ACADIAN TATAMAGOUCHE

9
 

It is particularly difficult to place the road from the place it left the main Isgonish River, until it reached the French River and from there to the head of the tide. Probably, the branch of the Isgonish that had its source in Farm Lake and Clear Lake was followed, for according to tradition, there was an Indian graveyard and a farm near the North end of Farm Lake, from which fact the lake took its name. Clear Lake, according top tradition, also derived its name from a clearing and a camping ground nearby, which was used by the early settlers in journeying from Tatamagouche to Cobequid. This route, by Farm Lake and by Clear Lake was the most direct and probably the most accessible. There are, however, traditions that it was the Mill Brook branch of the French River that was followed, rather than the main River itself. Willard* in his journal, mentions that after he came to the first houses and barns in Tatamagouche, he came down a river running East, and it is significant that the course of the Mill Brook is for a time almost East. Then, too, the Mill Brook took its name from the French having built on it a small water mill.

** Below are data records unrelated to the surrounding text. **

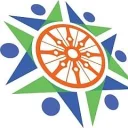 Birla Global University (BGU)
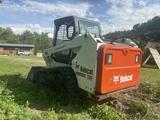 Bobcat  T590 2013 года за 21 500 000 тг. в Алматы – фото 2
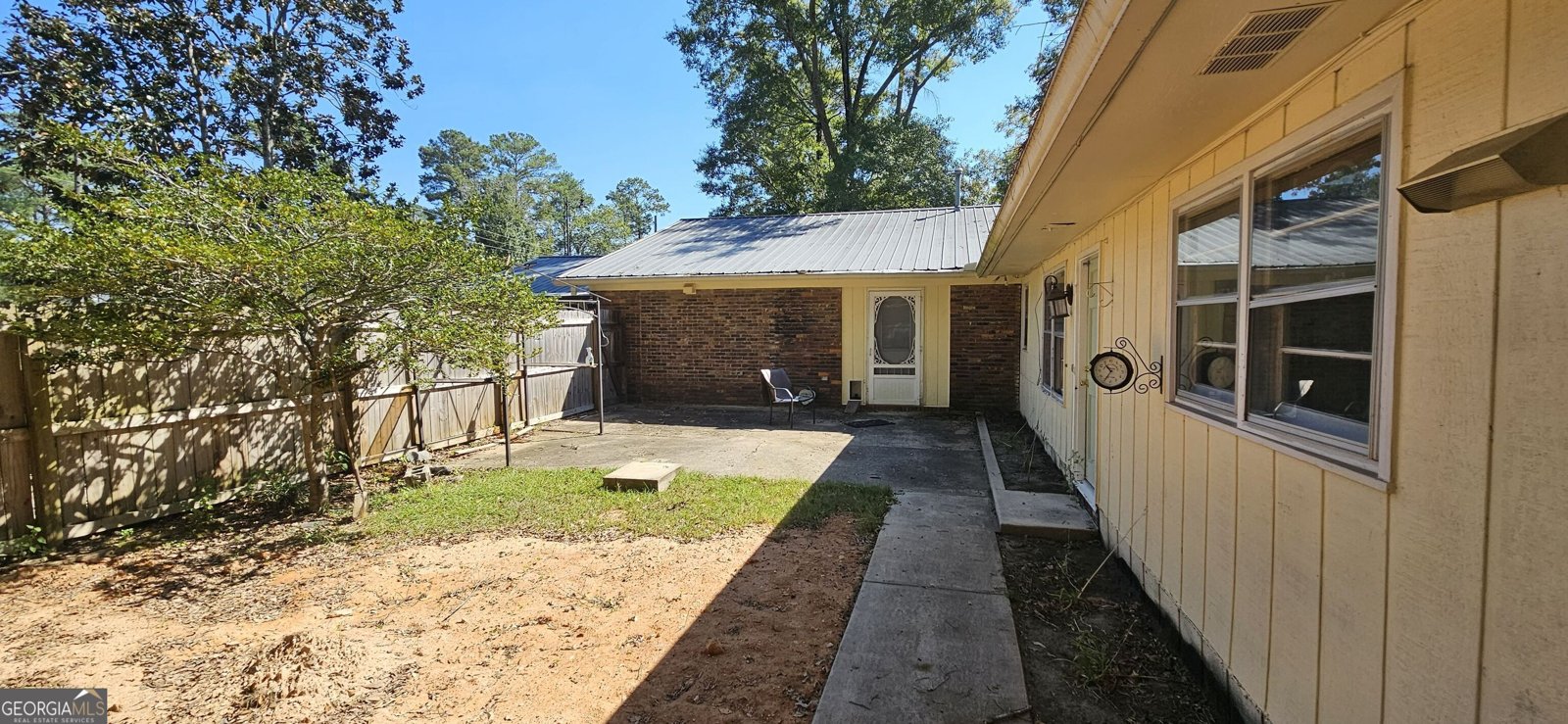 870 Glen Hill Court Macon - Photo 24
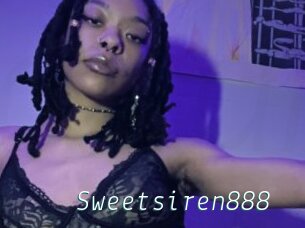 Sweetsiren888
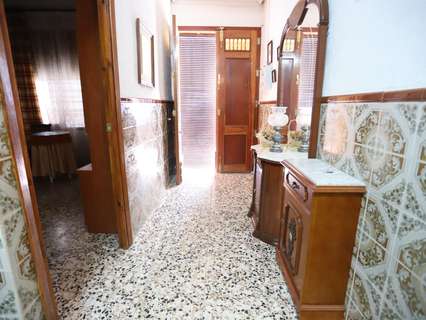 Casa en venta en Quero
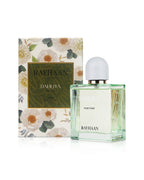 Rayhaan Dahliya Floral Collection Eau De Parfum For Women – 100ml
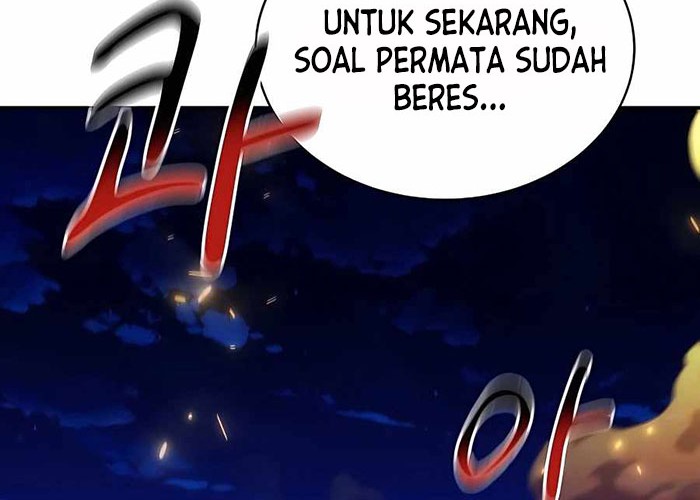 Halaman 18 dari 92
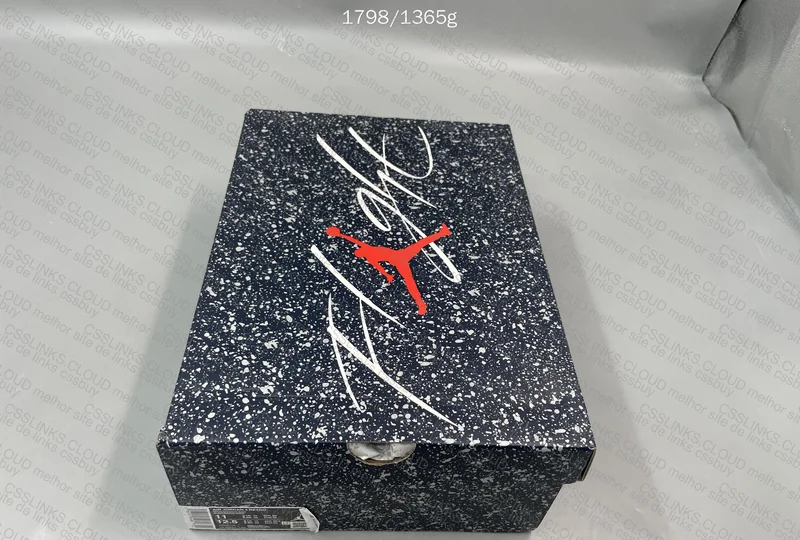 aj4 midnight navy 7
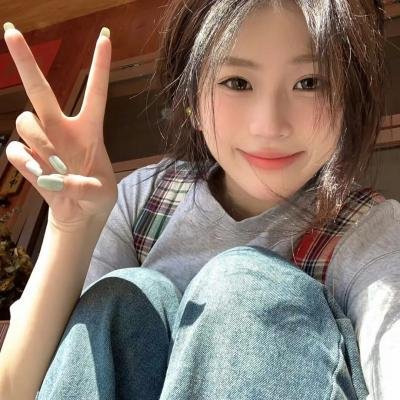 丰收之后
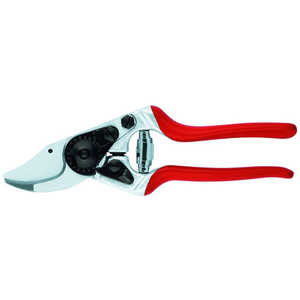 FELCO 剪定鋏 180mm FELCO14 FELCO 剪定鋏 180mm FELCO14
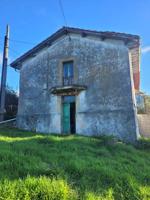 Casa En venta en Castiello De La Marina, Villaviciosa photo 0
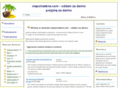 niepotrzebne.com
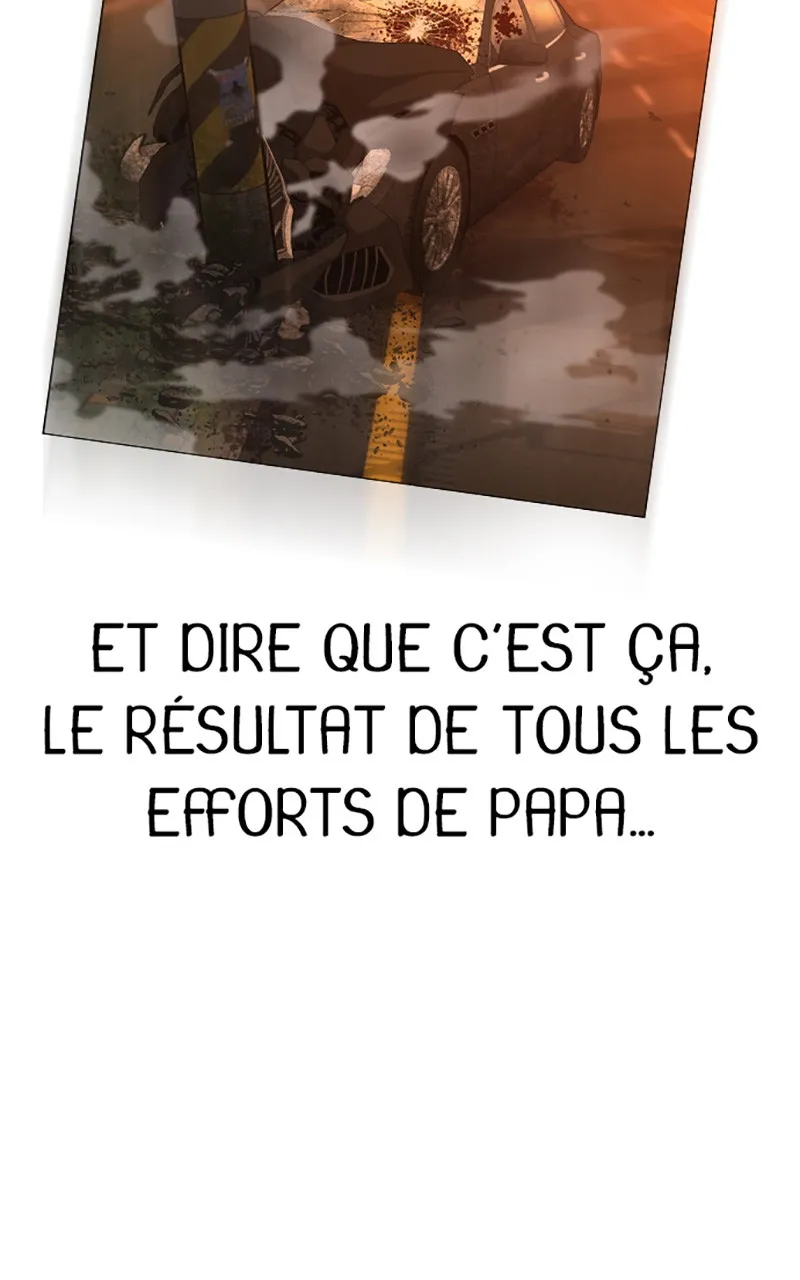Reality Quest - 30 - 67c47d76105a6.webp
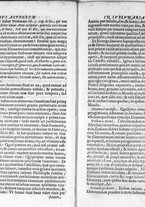 libroantico/BVEE052917/0052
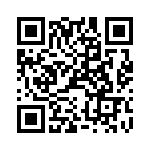 PD105R-473K QRCode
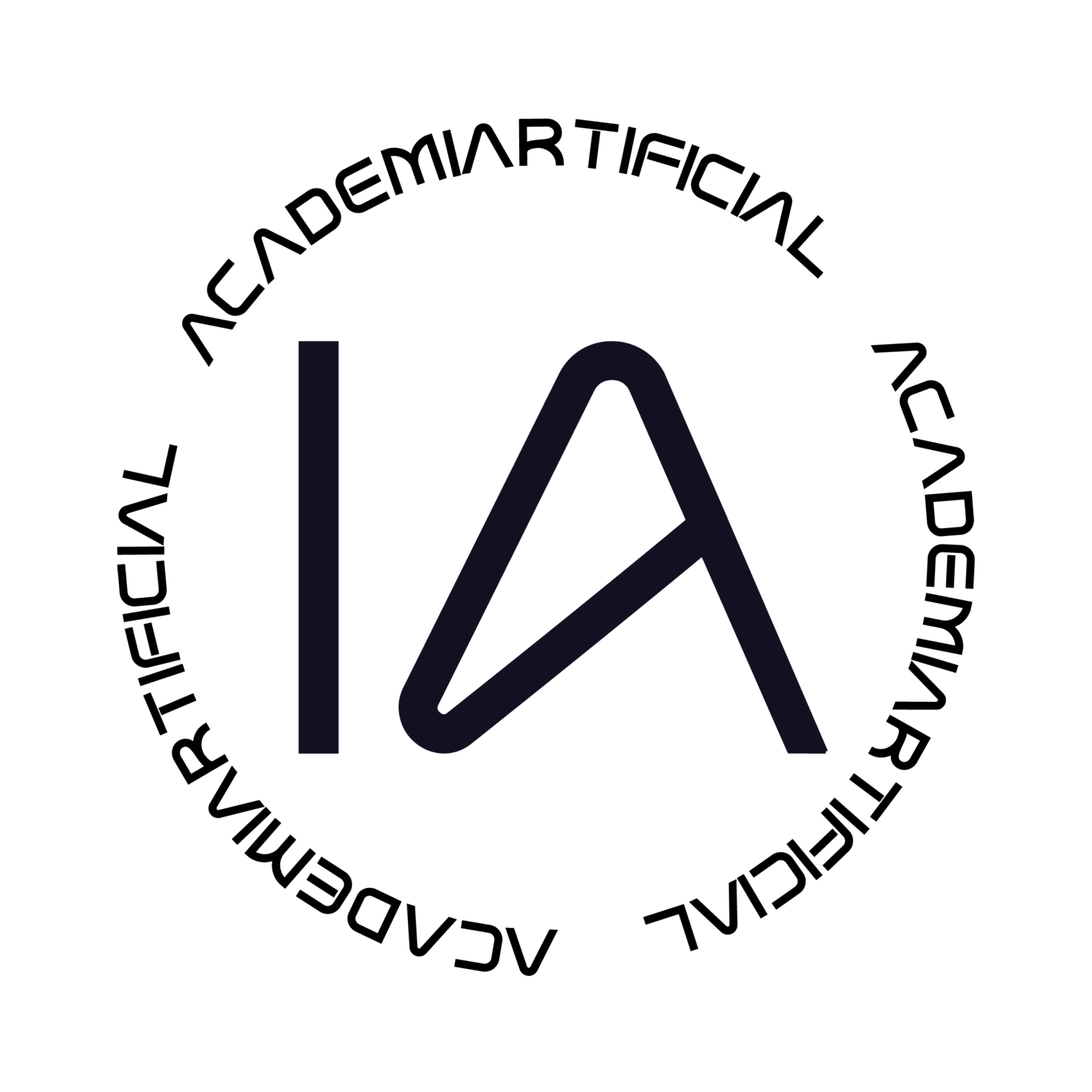 Academia Artificial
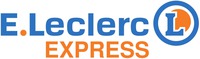 E.Leclerc L EXPRESS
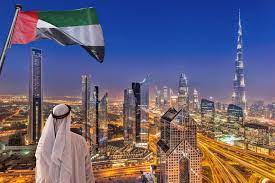 世界の物流業界 UAEの魅力と課題 | 物流コンサルの船井総研ロジ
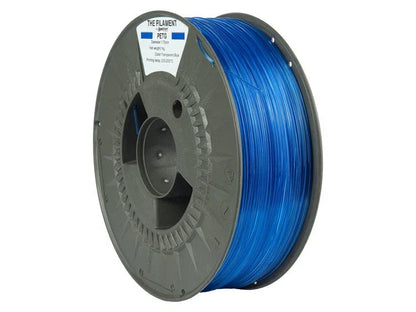 Spectrum The Filament PETG 1.75mm 1kg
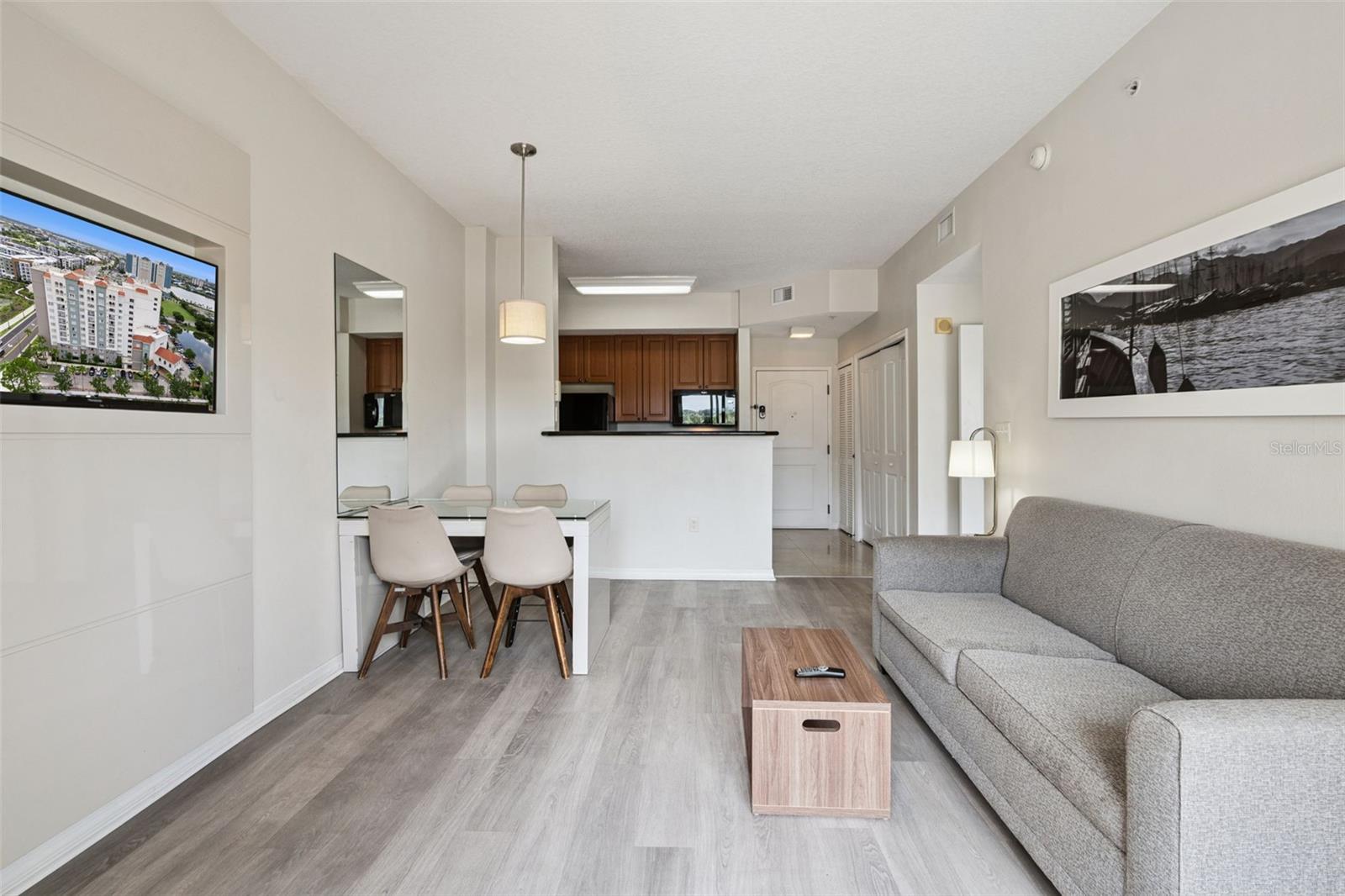 7395 UNIVERSAL BLVD #403, ORLANDO, FL — photo 5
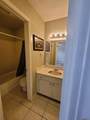 6212 Stumberg Ln - Photo 12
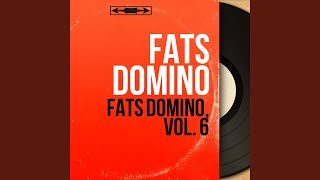 I Want to Walk You Home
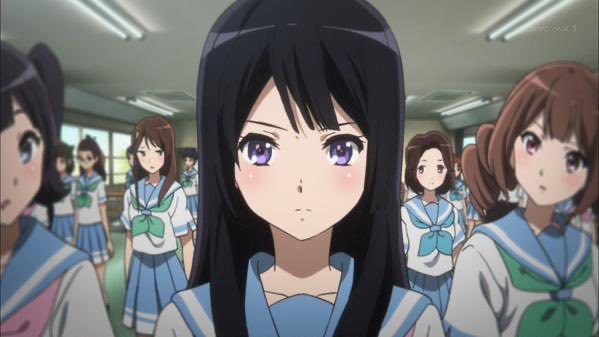 ♪ひよこ♪ tweet media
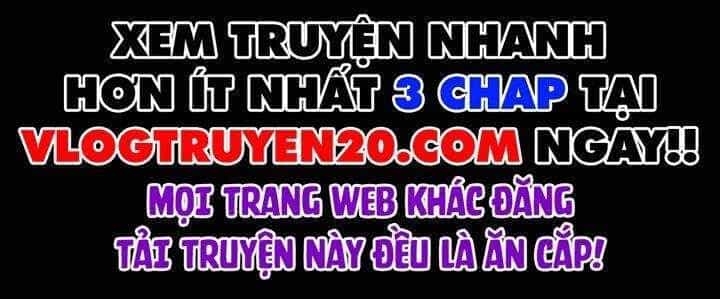 Thống Lĩnh Học Viện Chỉ Bằng Dao Sashimi - Chương 2 - ảnh 164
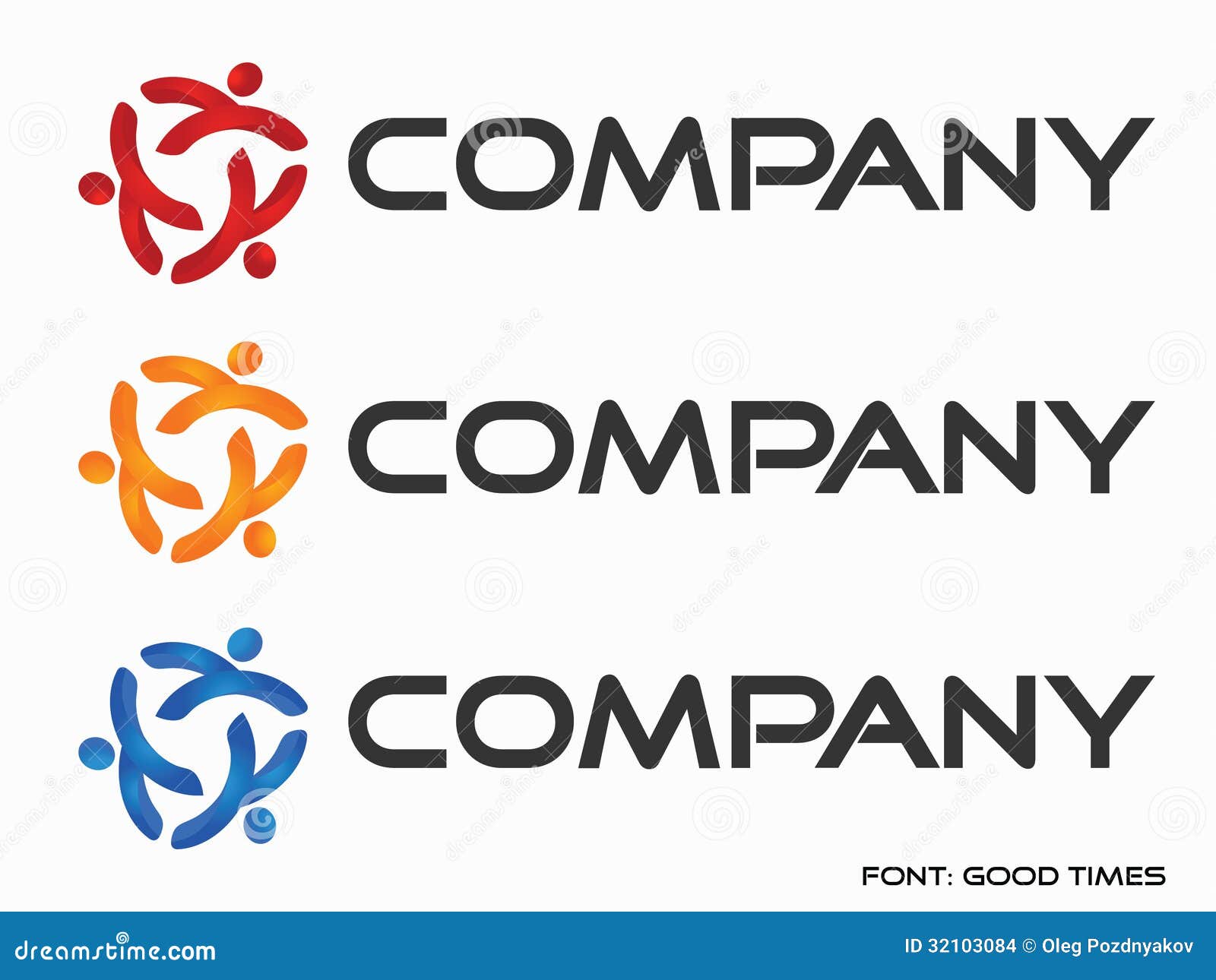abstraction logo (corporation)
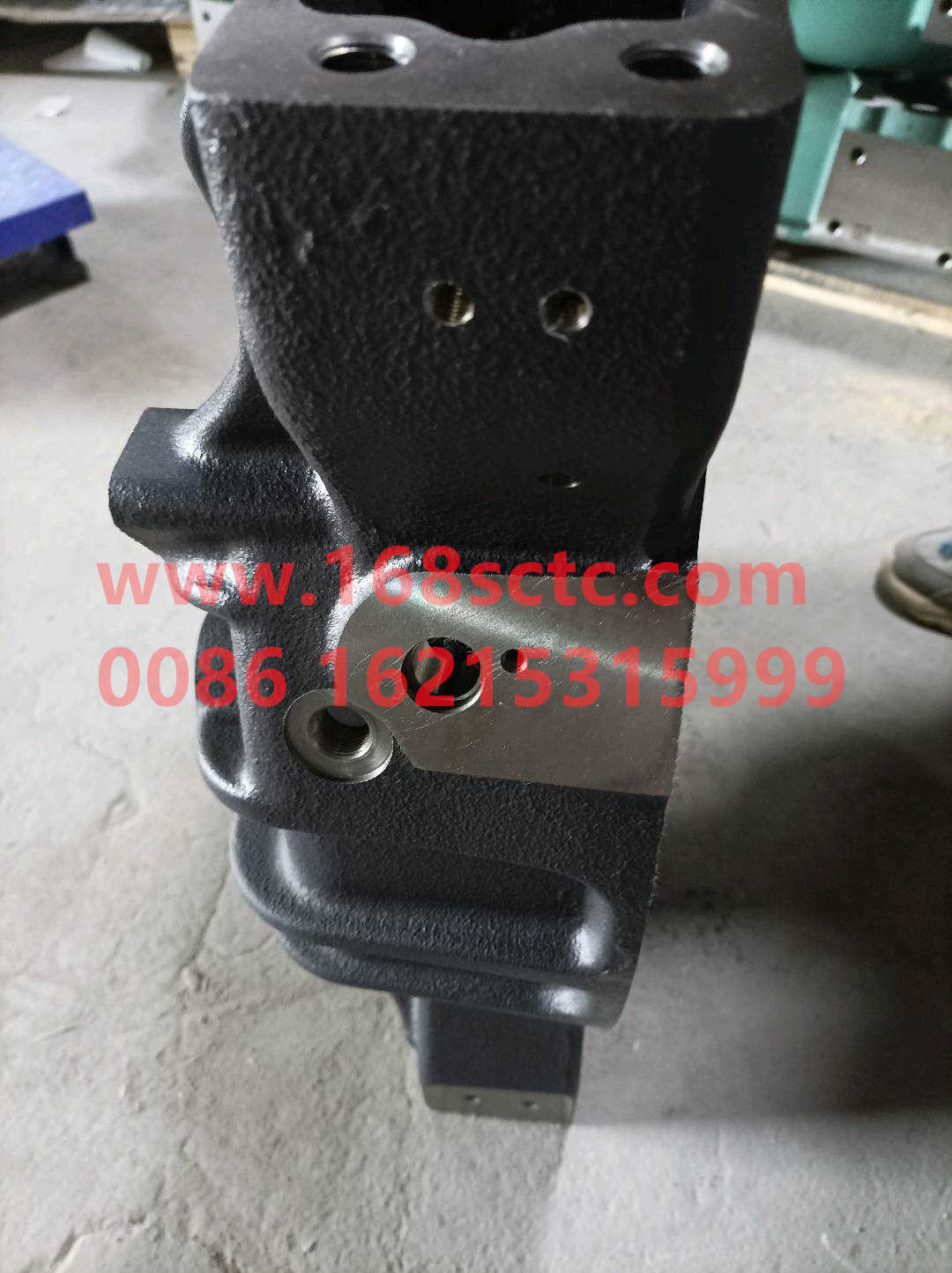 1000103734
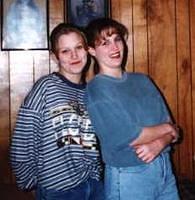 1996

There is also a tradition that the Acadians had cleared fields and cut hay in the meadows much further up the Mil Brook near the Florida Road and it was this stream which they followed all the way. It must be remembered, however, that this so-called road, compared to our modern roads, was nothing much better than a blazed trail, whose chief value was that by its directions could be kept. Yet, from time to time, the French took over it horses, cattle, sheep and fowl. French an British troops were able to cover the distance from Cobequid to Tatamagouche in a day-something they could not possibly have done in either a pathless or roadless forest.